The People Skills of a Good Reliability Engineer

14780859991_8a9053e4e1_zThe People Skills of a Good Reliability Engineer

Having the technical and business skills is not sufficient to be a good reliability engineer.

You must also work with other people. With your peers, across the management team, with suppliers, contractors, and customers.

The ability to work well with others is often complex and situational. Being aware of a few basic skills will allow you learn and improve. Prette and Prette define social competence as the social skills

that meet the different inter-personal demands in the workplace in order to achieve the goals, preserve the well-being of the staff and respect the rights of each other.

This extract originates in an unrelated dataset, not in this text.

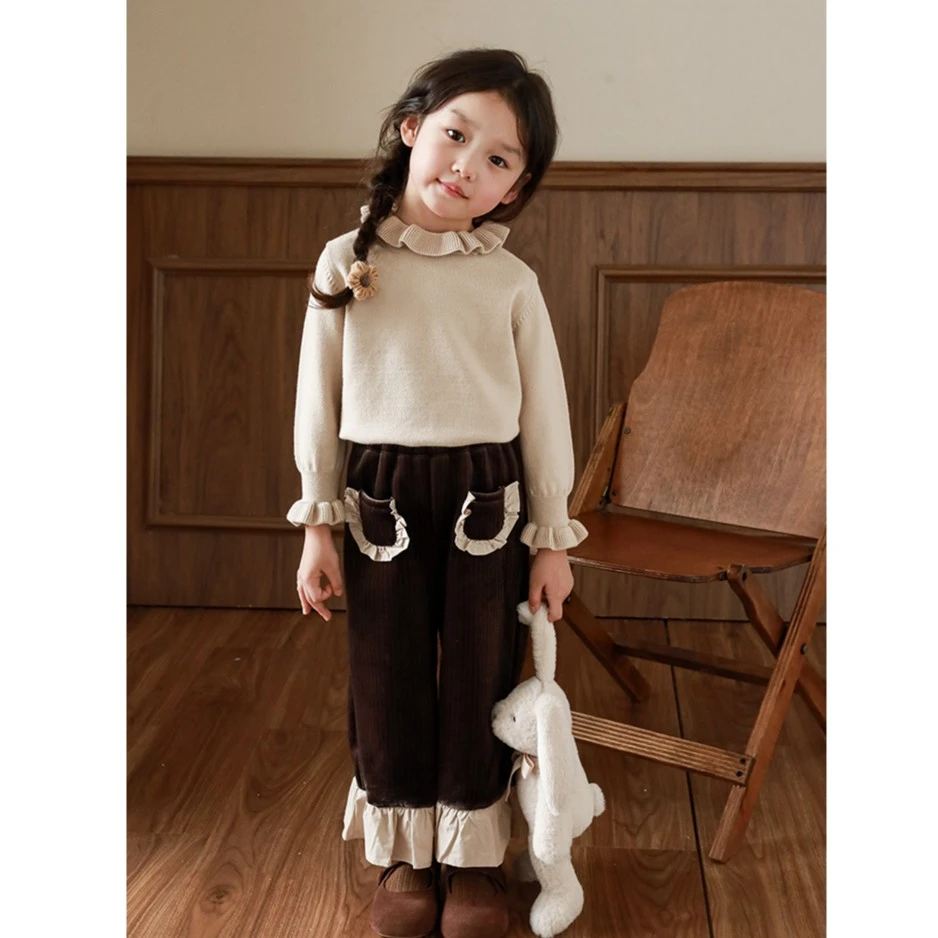 YOEHYAUL/幼悠儿童秋冬季复古直筒休闲裤女童脚口花边裤子 D3467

A. Del Prette and Z. A. P. Del Prette, Psicologia das relac ̧o ̃es interpessoais: viveˆncias para o trabalho em grupo, Vozes, Petro ́ polis, 2001.

An engineer needs an awareness of the social situation and how their behavior influences others, along with a capability to correctly understand the behavior and needs of others. The concepts discussed under emotional intelligence include:

  • self-awareness
  • self-regulation
  • Motivation
  • Empathy
  • and social skills

Goleman, D., Emotional Intelligence: Why It Can Matter  More than IQ. New York: Bantam Books (1995).
Goleman, D., Working with Emotional Intelligence.  London: Bloomsbury Publishing (1998).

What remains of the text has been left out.